National Retail Federation

Import cargo volume at the nation’s major retail container ports should see its traditional buildup toward the summer despite difficult comparisons with last year’s unusual patterns, according to the monthly Global Port Tracker report released today by the National Retail Federation and Hackett Associates.

U.S. Import Container Forecast 030816

“Comparisons are still complicated because of last year’s situation at the West Coast ports but should clear up in the second half of the year,” NRF Vice President for Supply Chain and Customs Policy Jonathan Gold said. “Year-over-year numbers are skewed but on a monthly basis imports are building normally as the back-to-school season approaches.”

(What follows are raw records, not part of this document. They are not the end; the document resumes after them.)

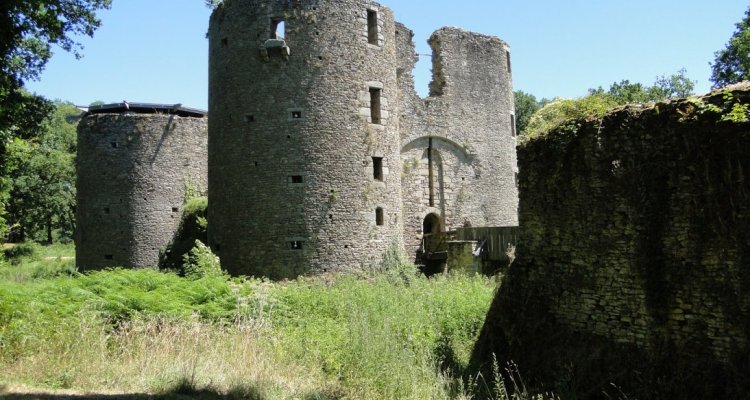 Vue Château de Ranrouët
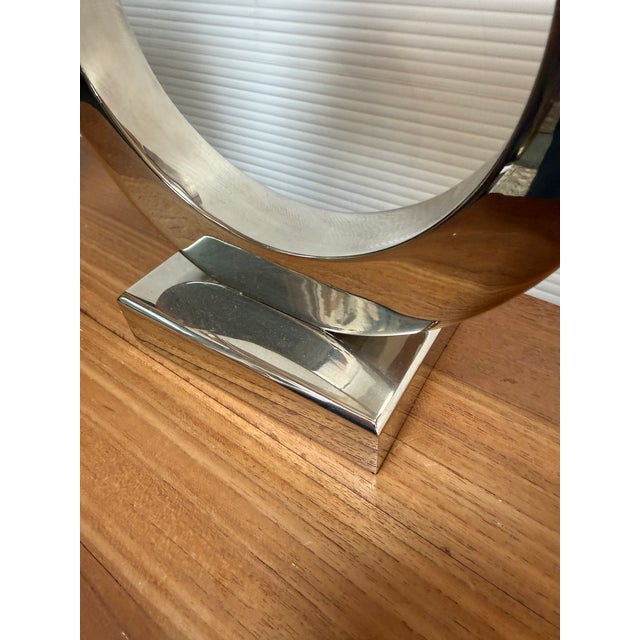 Early 21st Century Contemporary Ring Form Table Lamps, Pair For Sale - Image 5 of 12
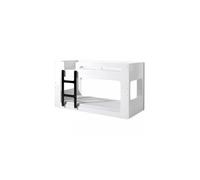 Lit superpose laque blanc et noir Luca 90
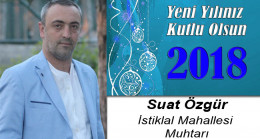 Suat Özgür’ün Yeni Yıl Mesajı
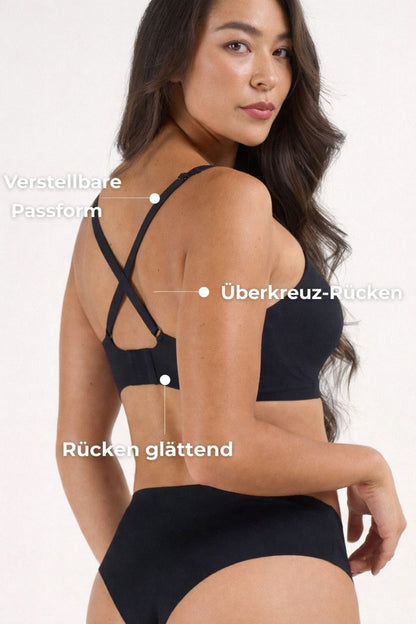 Stützender & formender V-Ausschnitt-Mesh-BH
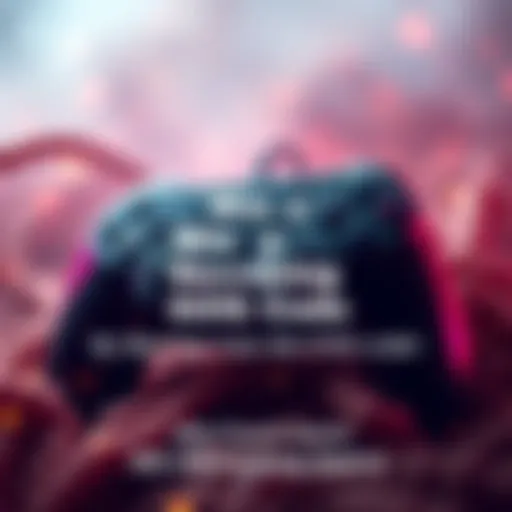 A graphic showing a gaming controller and text encouraging people to share their favorite game for a chance to win a Necroking GOG code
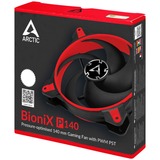 Arctic BioniX P140 case fan Zwart/rood, 4-pins PWM fan-connector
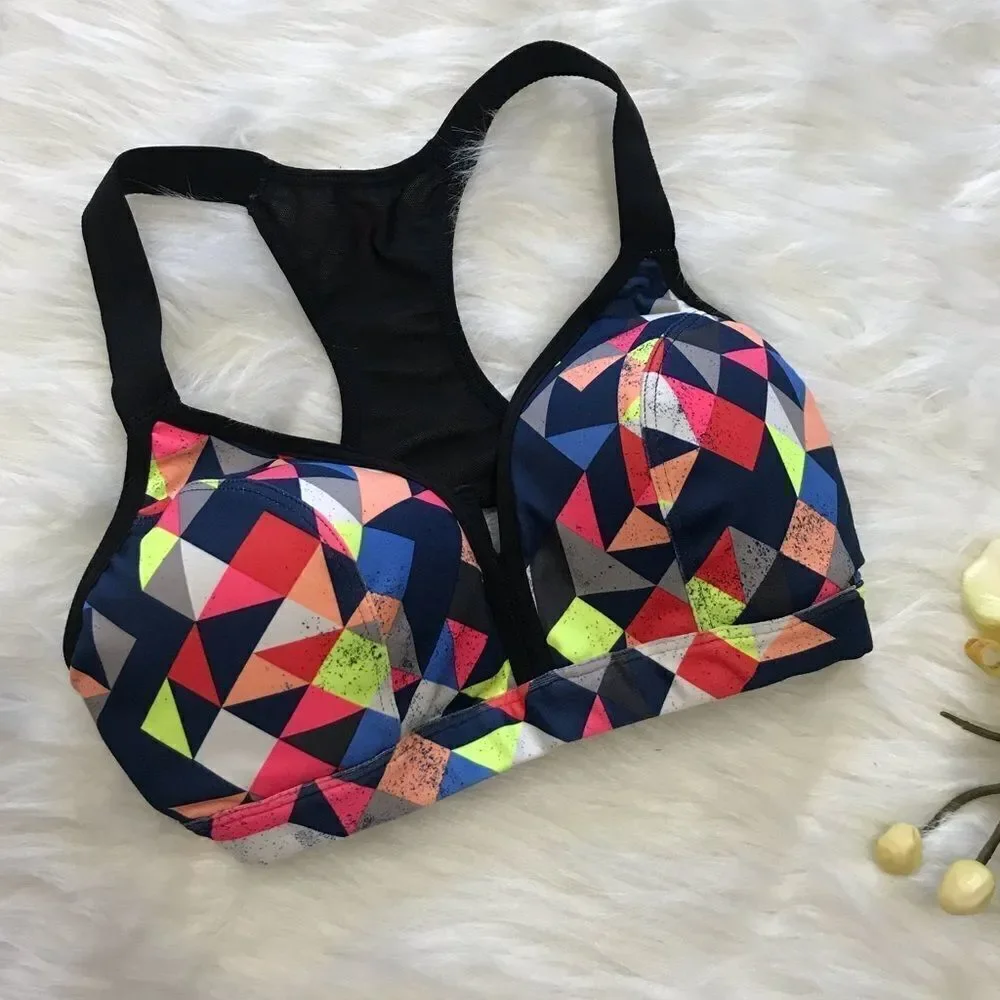 Maurice’s All in‎ Motion Sports Bra XS multicolored Strappy back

Ports covered by Global Port Tracker handled 1.5 million Twenty-Foot Equivalent Units in January, the latest month for which after-the-fact numbers are available. That was up 4.4 percent from December and 21.4 percent from unusually low figures in January 2015, the month before a new contract with dockworkers was signed to end a near-shutdown at West Coast ports. One TEU is one 20-foot-long cargo container or its equivalent.

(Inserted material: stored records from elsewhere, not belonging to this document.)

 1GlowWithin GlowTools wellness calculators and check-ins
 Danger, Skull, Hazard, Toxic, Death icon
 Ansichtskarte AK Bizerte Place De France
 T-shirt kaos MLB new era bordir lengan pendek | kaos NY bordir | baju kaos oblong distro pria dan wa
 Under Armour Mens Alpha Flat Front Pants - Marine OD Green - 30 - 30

February was estimated at 1.4 million TEU, up 17.1 percent from the same month in 2015 and also skewed by last year’s congestion. March is forecast at 1.35 million TEU, down 22.2 percent from the flood of traffic seen as the backlog of cargo began to move through ports at this time last year. April is forecast at 1.49 million TEU, down 1.8 percent from last year; May at 1.56 million TEU, down 3.4 percent; June at 1.54 million TEU, down 1.6 percent; and July at 1.61 million TEU, down 0.4 percent.

The first half of 2016 is expected to total 8.8 million TEU, down 0.2 percent from the same period in 2015. Total volume for 2015 was 18.2 million TEU, up 5.4 percent from 2014.

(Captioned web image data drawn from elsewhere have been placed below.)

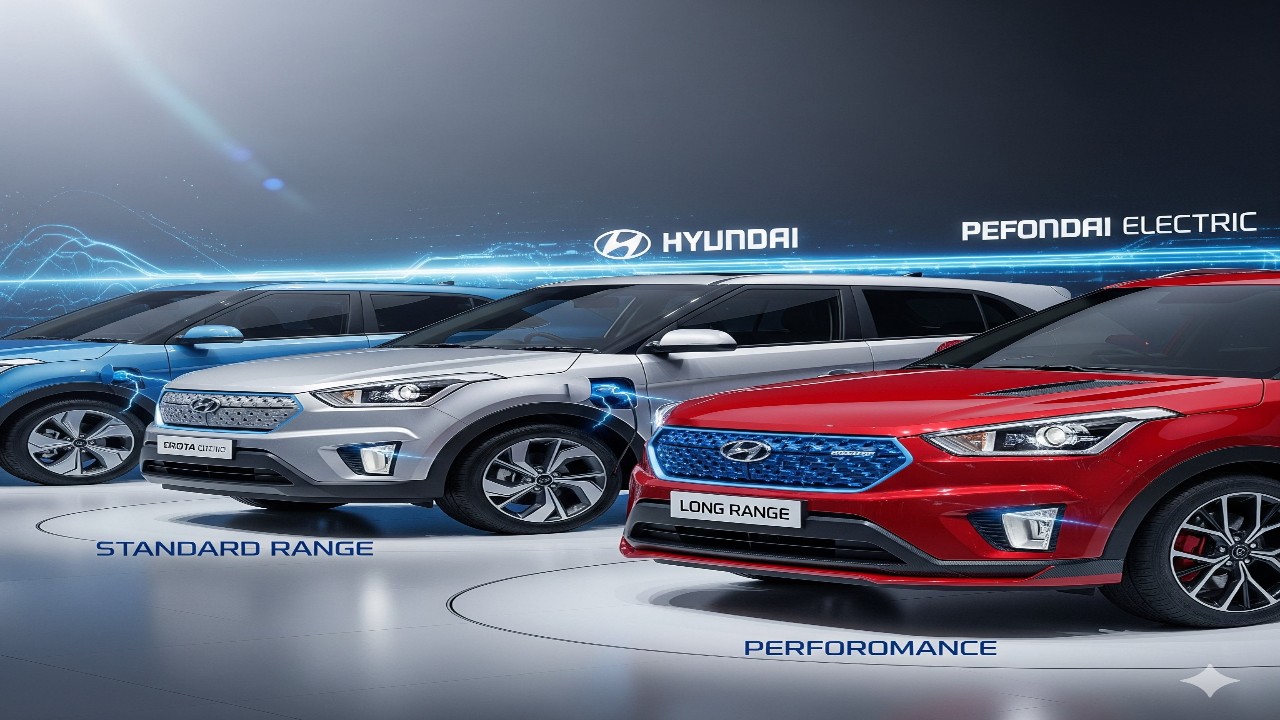 हुंडई क्रेटा इलेक्ट्रिक - Hyundai Creta Electric: तीन नए वेरिएंट के साथ बाजार में धूम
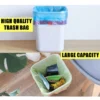 Automatic Closing Tie On Garbage Bag Bags With Rope Easy Pull 45cmx50cm Drawstring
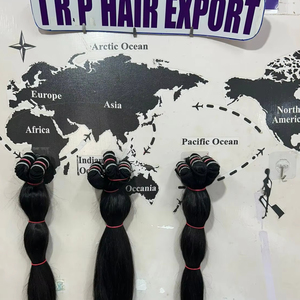 Extensions de cheveux indiens Remy noirs 100 % naturels de haute qualité, 28 pouces, bouclés, double trame, permanent, toutes couleurs, origine Tamil Nadu - Product Image 4
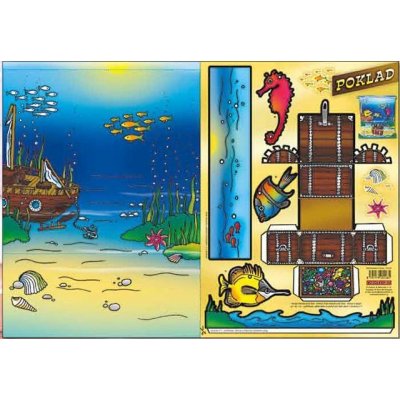 Vystřihovánky A4, BALOUŠEK, Poklad – Sleviste.cz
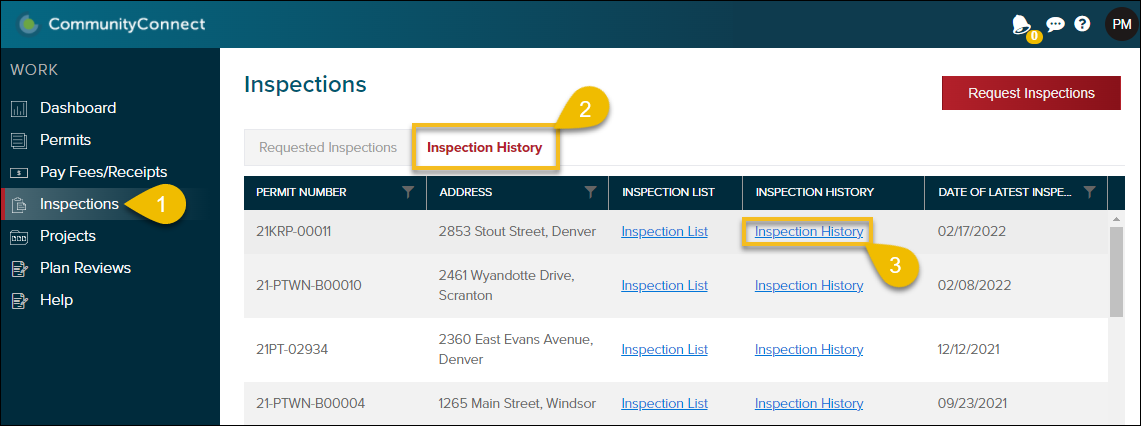 CommunityConnect, inspections, inspection history tab.png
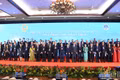 Delegados en la inauguración del foro. (Foto: Nhan Dan)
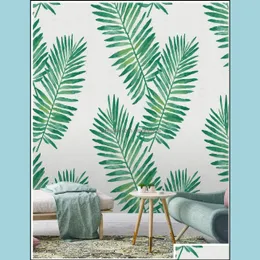 Tapety Wallpapers Décor Home Ogród Wallpape 117.7in x 232in Nowoczesny Stripe Peel and Stick Wallpaper Herringbone Zielony White Vinyl samoprzylepny D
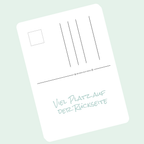 Rückseite der Postkarte mit viel Platz für eine persönliche Nachricht.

With cargo volume down so far this year, Hackett Associates Founder Ben Hackett said recent decisions by major shipping lines to add new super-large capacity vessels to routes between Asia and the U.S. West Coast are likely to bring lower shipping rates at the risk of “chaos” in the balance between supply and demand.

“Does this make sense? Absolutely not,” Hackett said. “It flies in the face of financial and economic wisdom and totally ignores the state of the freight market.”